What are the reasons for principled individual behavior? There are
many, but some of the following reasons may sound a little abstract.
Every well-adjusted person wants to contribute something of lasting
value in his or her life. That gives a sense of satisfaction. The need
to feel honorable and ethical. A person who does not feel right about
what he is doing will not be able to do a good job. On an individual
level, one's ability to influence others depends greatly on one's credibility
and good image built through years of ethical conduct. The power of
moral persuasion cannot be understated. Good ethics brings good image.
Good image helps you to accomplish what you want more easily.
On a business level, highly principled behavior is smart business.
When a company conducts its business ethically, it wins the respect
and loyalty of employees and customers. When corporate goals are out
of line with society's goals, the business is in trouble. You cannot
be a successful company and yet be working against the public will --
not for very long.
On a macro-economic level, one of the more compelling reasons for
ethical behavior is the need for a competitive environment that allows
all businesses equal opportunity to survive and grow.
The real problem facing corporations today with respect to ethical
behavior is a management problem. The corporate culture, its planning
process, and the way it implements and controls its actions are all
critical factors that will have a significant impact on whether it is
deemed to conduct its business ethically. Companies need to formulate
core values that dictate their conduct internally as well as with customers,
suppliers, and the society in general. Employees may need to be "indoctrinated"
on codes of conduct and acceptable standards and practices.
To argue, in the manner of Machiavelli, that there is one rule for
business and another for private life, is to open the door for an orgy
of unscrupulousness. On the other hand, to argue that there is no difference
at all is to place morality itself to an almost intolerable strain.
A fundamental difficulty with business ethics is that advice offered
by academic papers often leads to moral absolutism. In reality, people
do not sacrifice their companies on the altar of altruistic extremism.

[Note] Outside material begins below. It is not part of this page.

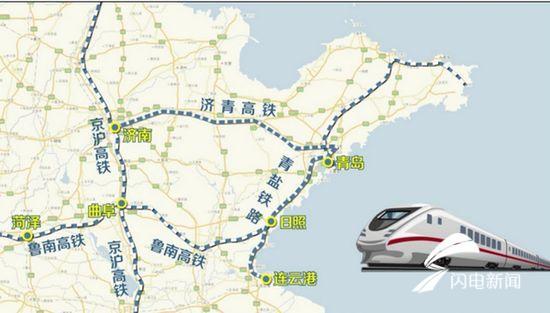 济宁高铁规划图明细图片
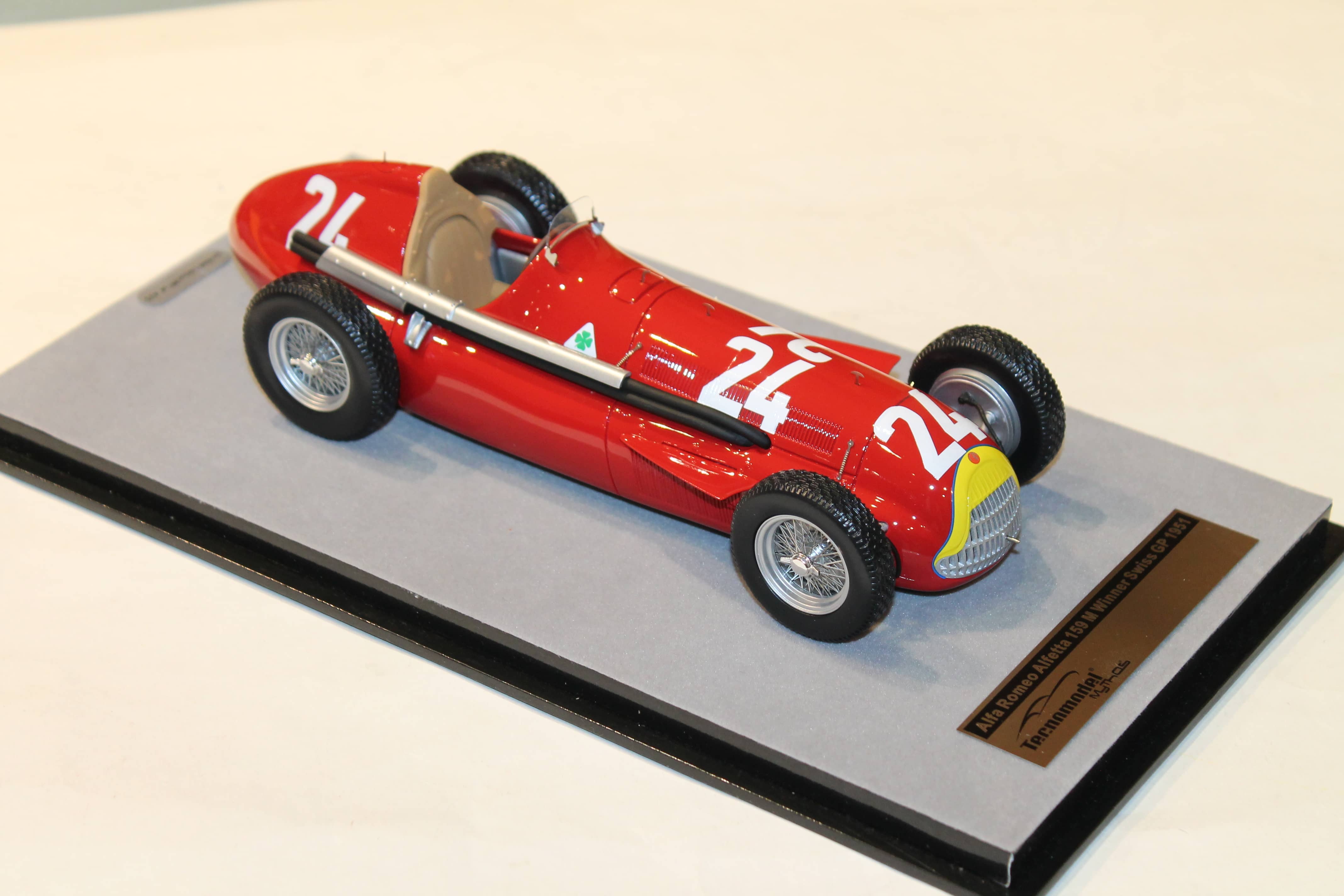 ALFA ROMEO ALFETTA 159M TECNOMODEL 1/18°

What managers need are options for dealing with the complex relationship
between altruism, self-interest, and the other factors that make their
business click. Sensitivity, courage, honesty, and persistence are qualities
suggested for managers. Business is a human enterprise. To be good in
business is to be a good human being.
Most business people like pragmatists. We tend to think of them as
more predictable. Idealists, on the other hand, tend to be viewed as
kamikaze pilots -- admired for their courage, but seen as dangerous
because of their willingness to risk self-immolation in an effort to
influence behavior. Saint Peter may care about motivations; a pragmatist
cares about results. Hence, if one is to promote ethics in business,
he should present it in pragmatic terms. In other words, business people
should support business ethics because it is necessary for the preservation
of business. Another pragmatic reasoning is that business ethics is
profitable. One can describe a situation where unethical behavior was
indeed profitable. But that does not mean that ethical behavior is not,
in general -- or in the long term -- profitable. Another argument is
that unethical conduct creates a higher risk of personal, government,
or corporate liability.
Perfection is a laudable aim, but if pursued single-mindedly it can
lead one to become unbearably self-righteous. The spotless life is insignificant
if it fails to contribute to mankind's betterment. One does well when
he sets his sights beyond the mere adherence to ethical codes of conduct
and tries to live a useful life -- one which is productive, significant
and fair. Anyone of wit and experience knows well that ours is an imperfect
world. There are morally objectionable realities in most situations
and choices. While we shall probably not live perfect lives, we can
still lead useful lives -- some useful service in this world, some measure
of good and lasting value. The possibilities for a person in business
to do well while creating, producing and distributing goods and services
History is lavish with instances where the quest for ethical living
rested on the application of intelligence alone -- that is, logic and
reasoning to guide ethics. While rational discussions can resolve borderline
ethical issues, it is doubtful that intellectual discourse on ethical
issues among people has actually altered behavior toward the ethical
and the useful. While intellectual stimulation may be a byproduct of
such debates, it is doubtful that even the participants subsequently
follow the truth. It was Aristotle's position that before moral argument
can be effective the soul of the listener must first have been conditioned
by habits of the right kinds -- a condition developed from childhood.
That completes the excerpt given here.